Woodstock Council Approves Baseball Stadium, Gravel Mining 6-1

With only councilman Richard Ahrens voting in opposition, the Woodstock City Council approved a special use permit for gravel mining across Route 14 from Centegra Hospital down to Lily Pond Road.

A privately financed minor league baseball stadium promoted by Mark Houser and Peter Heitman will be built northeast of Lake Shore Drive and Route 14.

The third of the threesome who showed up at a secret meeting of the McHenry County College Board in March of 2007, Frontier League Commissioner Bill Lee, only to duck out the back door of the board room, was also present for Woodstock’s public meeting.

The stated plan is to have baseball games starting in May of 2010, but when the council was discussing how the 38 acres to be occupied by the stadium would be conveyed to the city ownership if a stadium were not completed within five years of approval of the rezoning, Houser asked for an extra five months.

If a stadium is not completed by May of 2014, the city would get the parcel.

So, two years if all goes well and five if there are hitches.

In the meantime, Merryman Aggregates will be mining gravel, stockpiling enough each year to provide what the firm thinks it can sell.

Tom Zanck, attorney for the proposal, and others kept calling the operation by other names, e.g., “aggregate extraction.”

Members of the newly renamed McHenry County Defenders, now, the Environmental Defenders of McHenry County complained of the fast track for the re-zoning.

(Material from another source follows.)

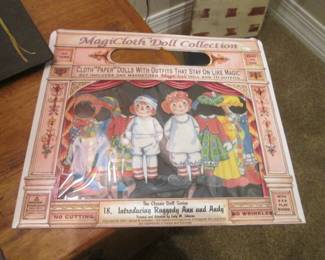 Vintage " MagiCloth" Doll Set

The report from the McHenry County Soil and Water Conservation District had just arrived Monday and had not been reviewed by city staff.

Those wishing to slow down the approval process pointed out that it should have been ready before the Planning Commission had reviewed the petitioners’ plan.

Right before the vote, starting at 12:42 AM, Mayor Brian Sager read the report’s executive summary.

In his summation, Sager reported that 41 citizens had contacted him prior to the council meeting had been “strongly in favor.” One was distinctly opposed and two others wanted to make sure certain questions were answered.

Ahrens opposition centered on the far eastern parcel in the proposal.

It fronts on Lily Pond Road, which is where the gravel trucks would leave the property.

Ahrens thought the highest and best use would be something other than the county fair and exhibitions.

Several members had made lists of pros and cons. The pros obviously were considered more persuasive for the six voting in favor of the re-zoning. (Except for the mayor, they are listed in alphabetical order. Picture are in seating order, from left to right with the exception of Ahrens.)

Mayor Brian Sager
Councilwoman Julie Dillon
Councilwoman Maureen Larson
Councilman RB Thompson
Councilman Mike Turner and
Councilman Ralph Webster

But they didn’t agree with the proposal without placing upwards of 50 conditions, a couple of which were strongly disputed by the petitioners.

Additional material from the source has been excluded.